Civic leaders to clean up polluted rivers, improve sewerage system
PUDONG authorities have decided to clean the area’s rivers and waterways this year. Civic leaders have vowed to get rid of black sludge and improve water quality by the end of the year.
Separate solutions will be drawn up for each waterway. The government will build more water conservation facilities, further regulate enterprises over their drainage and improve the sewerage network.
Authorities have discovered 752 polluted and foul-smelling waterways in the new area — 279 of which are heavily-polluted.
Most of them are near urban-rural areas, satellite towns, industrial sites and livestock farms. These will be the main target of the water clean-up campaign.

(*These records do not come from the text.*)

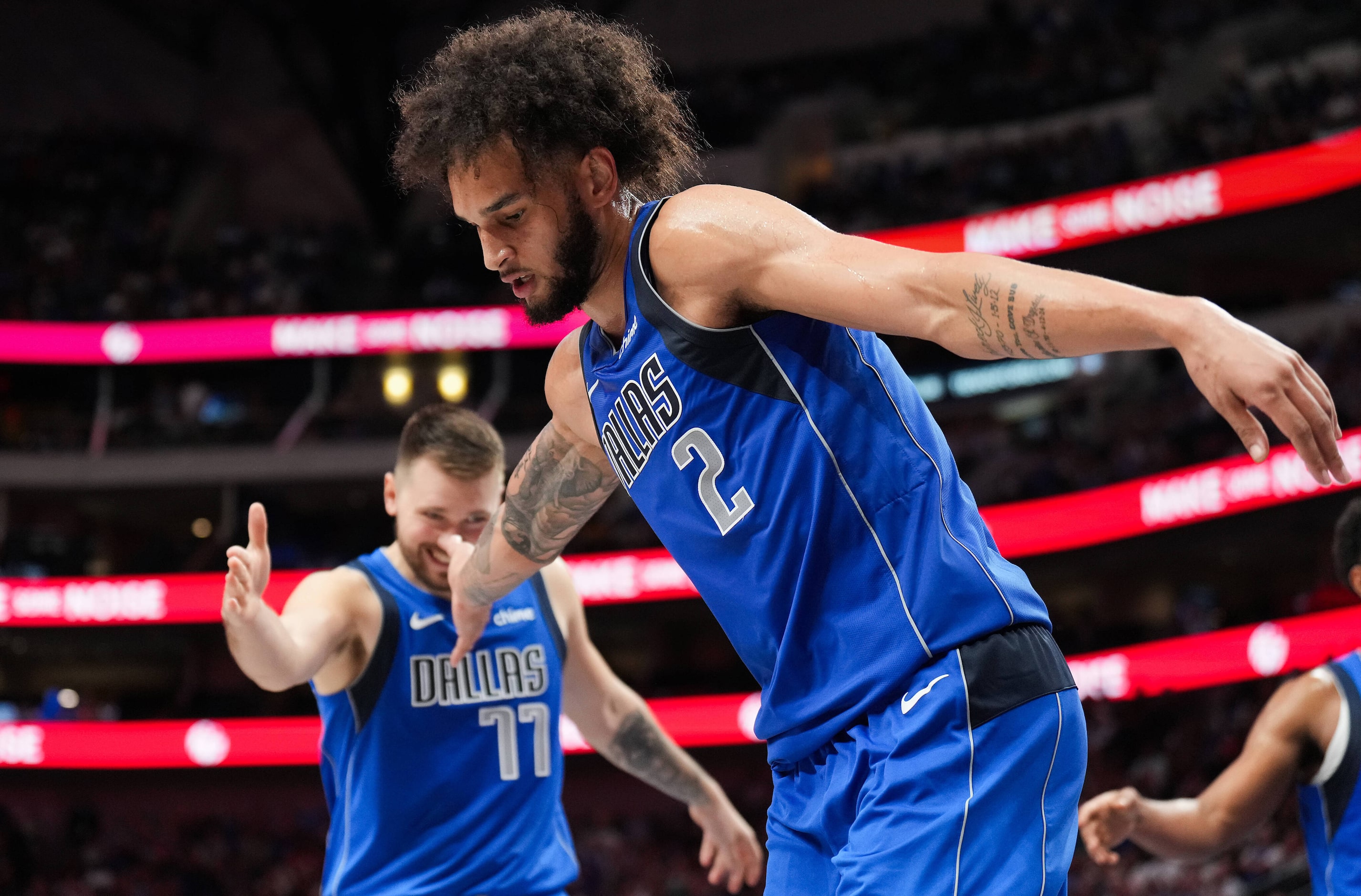 Dallas Mavericks center Dereck Lively II (2) celebrates with guard Luka Doncic (77) after...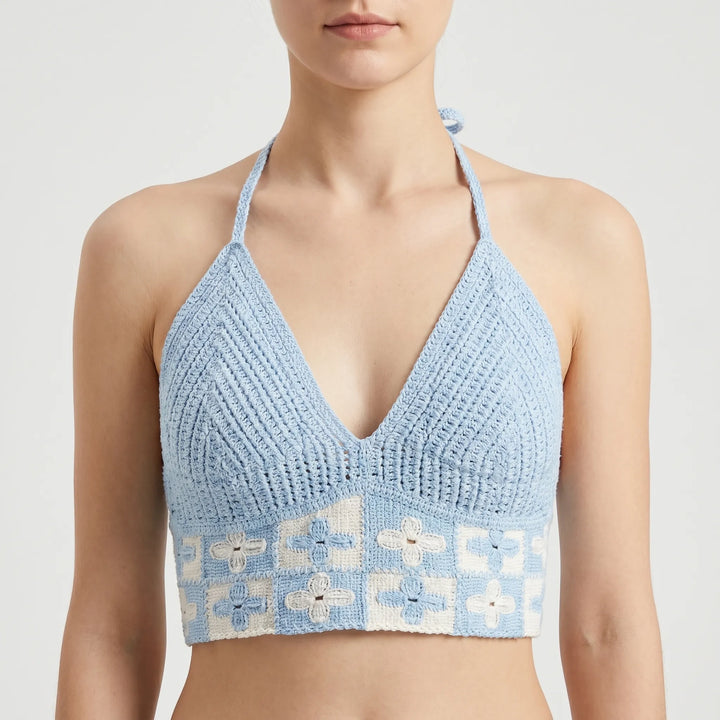 Textured women's Bohemian crochet crop top, breathable summer fabric, ideal for beach & festivals.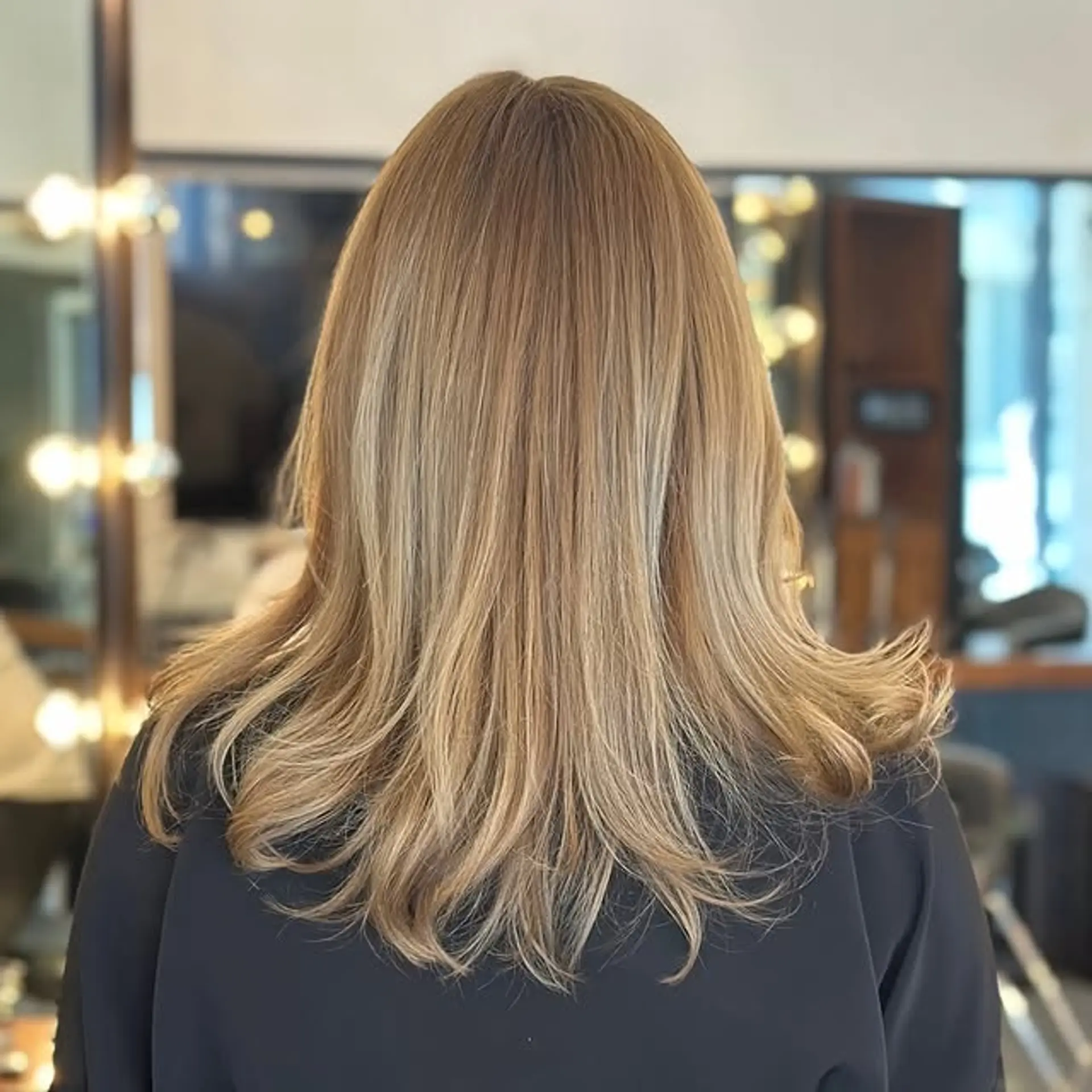 A layered medium length hairstyle with wavy ends. 1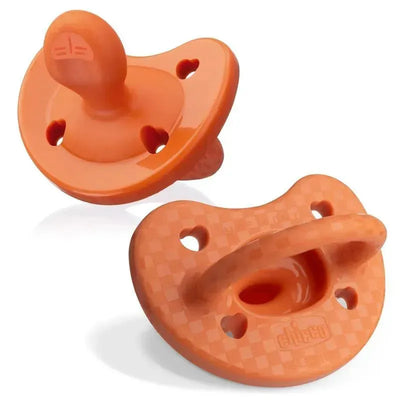 Chicco PhysioForma Luxe silicone pacifiers in terracotta color for babies aged 16-24 months, featuring heart-shaped ventilation holes.
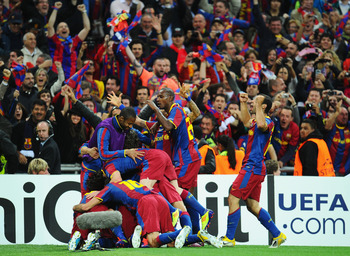LONDON, ENGLAND - MAY 28:  David Villa of FC Barcelona is mobbed by teammates as they celebrate after he scores their third goal during the UEFA Champions League final between FC Barcelona and Manchester United FC at Wembley Stadium on May 28, 2011 in Lon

The major clean-up measures include dredging polluted rivers, removing floating pollutants and building separate sewerage and rainwater pipes, as well as demolishing illegal structures on the riverbanks.
Some dead-end rivers, prone to stinking, will be unblocked.
Pudong area leaders are appointed “heads of rivers” to take responsibility within various jurisdictions of the new area.
Authorities plan to take various measures, including dividing waterways into several sections to dredge them, rebuilding riverbanks, planting trees and building new bridges and levees.
At the same time, illegal structures responsible for the pollution of some rivers in Pudong will be dismantled.
Riverbanks once occupied by illegal houses that discharged daily waste into the water will get sewerage pipelines and trees will be planted.
About 240 kilometers of sewers are to be built across Shanghai by 2020, when more than 95 percent of waste water will be collected and treated, according to the authorities.
Several major polluted rivers in Jiading, Qingpu, Songjiang and Minhang districts have already been purified as demonstration projects.
China classifies water quality into six grades. Grade 1 is potable after minimal treatment, while grade 6 is severely contaminated.
According to a recent survey, half of local rivers were rated at grade 5, while excessive nitrogen and phosphorus pollutants had been found in most waterways.
The percentage of heavily polluted rivers in Shanghai — those rated grade 5 — has been cut by 22 percentage points from 2015 to 35 percent by the end of October.
Shanghai Party Secretary Han Zheng has said the city aims to clean up the polluted and odorous rivers by the end of the year, while eliminating all grade 5 rated rivers by 2020. By then, all rivers in Shanghai are expected to meet city and national standards.